# ITOps — Platform Overview for AI Assistants

## What it is

Self-hosted IT operations platform. Kubernetes-native. Tracks service health, SLA
uptime, backups, storage. One dashboard for K8s-managed and bare-metal services alike.

## One-sentence architecture

A Go backend (`itops-core`) exposes GraphQL + REST, a Vue/Quasar SPA (`itops-ui`) is the
dashboard, a K8s operator (`itops-agent`) per cluster watches ConfigMaps labelled
`itops.io/config: "true"` and pushes discovery + status every 30s. PostgreSQL stores
everything.

## The single identifier: `path`

Every service is addressed by a 5-level path:

    organization/platform/environment/cluster/service

First 4 segments are the hierarchy node, 5th is the service name.
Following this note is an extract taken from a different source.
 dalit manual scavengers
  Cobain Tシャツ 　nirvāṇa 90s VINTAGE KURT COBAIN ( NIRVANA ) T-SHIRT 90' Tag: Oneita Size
This one string goes
into `it-ops.yaml` as `path:`, into REST push payloads as `"path":"..."`, into
dependency refs as `path: "..."`. No separate `nodeId` / `name` pair anywhere the user
writes YAML.

## Two ways data flows in

1. **K8s agent discovery** — the agent lists ConfigMaps with label
   `itops.io/config: "true"`, parses the `it-ops.yaml` data key, registers services
   via `POST /api/v1/operator/register`, then syncs status every 30s via
   `POST /api/v1/operator/status`.

2. **Push webhooks (bare-metal, external)** — any HTTP client calls:
   - `POST /api/v1/health/report` — first push auto-creates the service
   - `POST /api/v1/storage/report` — auto-appends `storage` tag, Storage tab picks up
   - `POST /api/v1/backup/report` — records backup completion timestamp

   All three accept a single `"path": "..."` field that the handler splits into
   `(nodeId, service)`. Missing/malformed fields are normalized to `"unknown"` sentinels
   so bad pushes land visibly instead of silently dropping.

## Schema: `it-ops.yaml`

One required field: `path`. Everything else is opt-in. The agent parser accepts every
flat top-level shortcut (`criticality`, `slaGroup`, `team`, `tags`, `type`, `backup`,
`health`, `dependencies`, `relations`, `custom`, `contacts`, `links`, `monitoring`,
`workload`) and merges them into the canonical shape before pushing to the backend.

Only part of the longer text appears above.